It seems to me that GM is probably "insolvent" already, in the sense that the value of its liabilities exceeds the value of its assets.*
But if it is insolvent, how come its equity is still trading at a positive number? Easy. Think of the equity as an out-of-the-money option--worth something as a lottery ticket, even if worth nothing at the moment.
Here's an example. LittleCo has assets of $80 and liabilities of $100. So, insolvent. If LittleCo liquidates today, its creditors get 80 cents on the dollar and the equity gets bubkas. But LittleCo has a chance to invest all $80 in a new project which will yield (a) $160 or (b) $80, with a 50 percent chance of each. This pencils out right: 0.5(160)+0.5(0)=80.
But from the standpoint of equity, there is the chance that something may turn up. How to measure the chance? Value the payoffs to equity.

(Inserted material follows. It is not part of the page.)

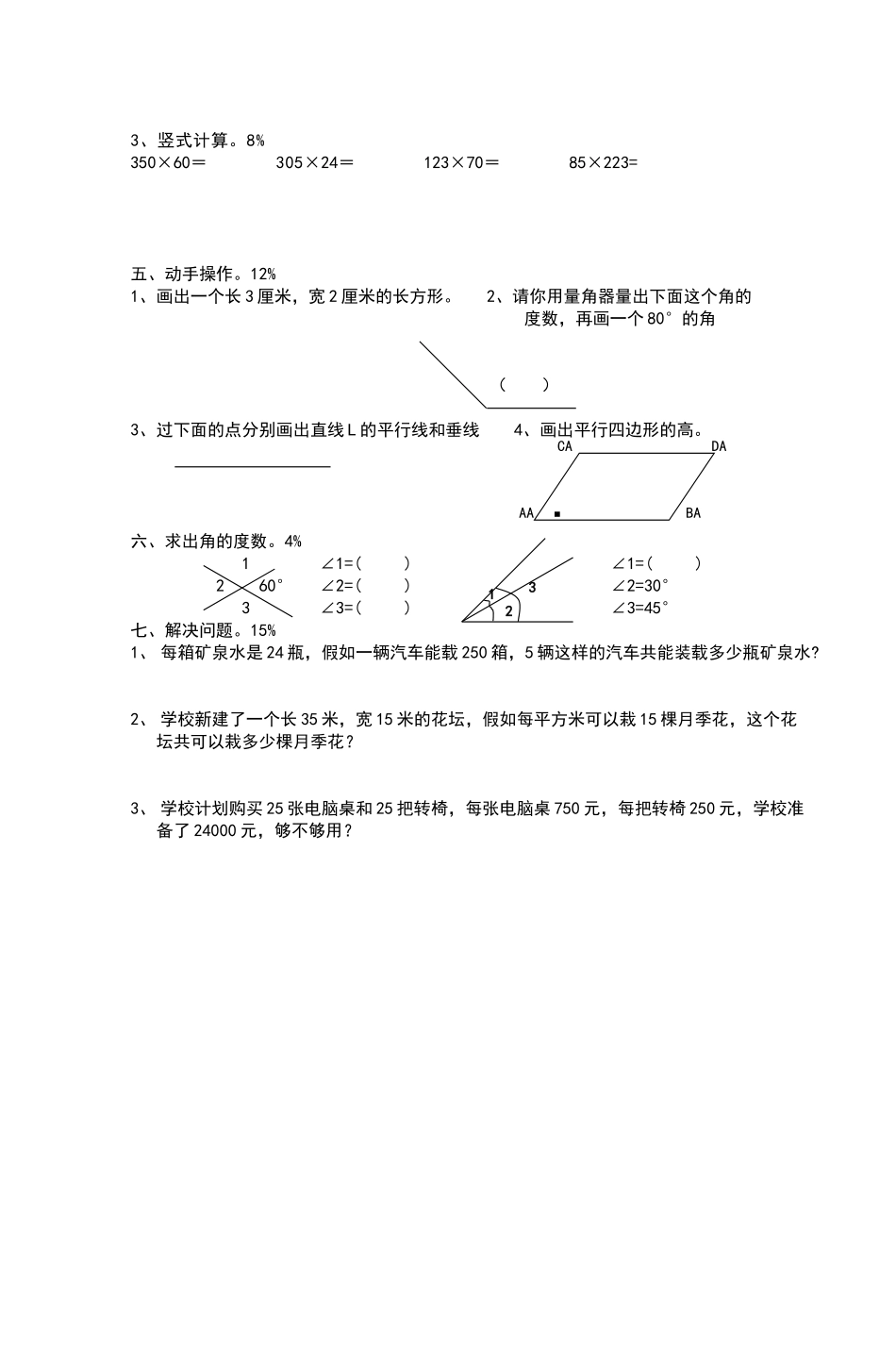 四年级第七册数学单元测试_第2页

That would be: 0.5(160-100)+0.5(0)=30. So equity is worth $30, even though the company is insolvent. By the way, to double-check, figure the current market value of debt. The value is 0.5(100)+0.5(80)=50. Again, this pencils out right: $50+$30 = $80, so everything checks.
By the way, this is the same logic that leads to the conclusion that a homeowner whose mortgage is bigger than his house may nonetheless keep paying (link).
*In the bulldog of edition of this publication, I said it exactly backwarads. D'oh, no wonder my students don't understand me. And thanks, Taxmom.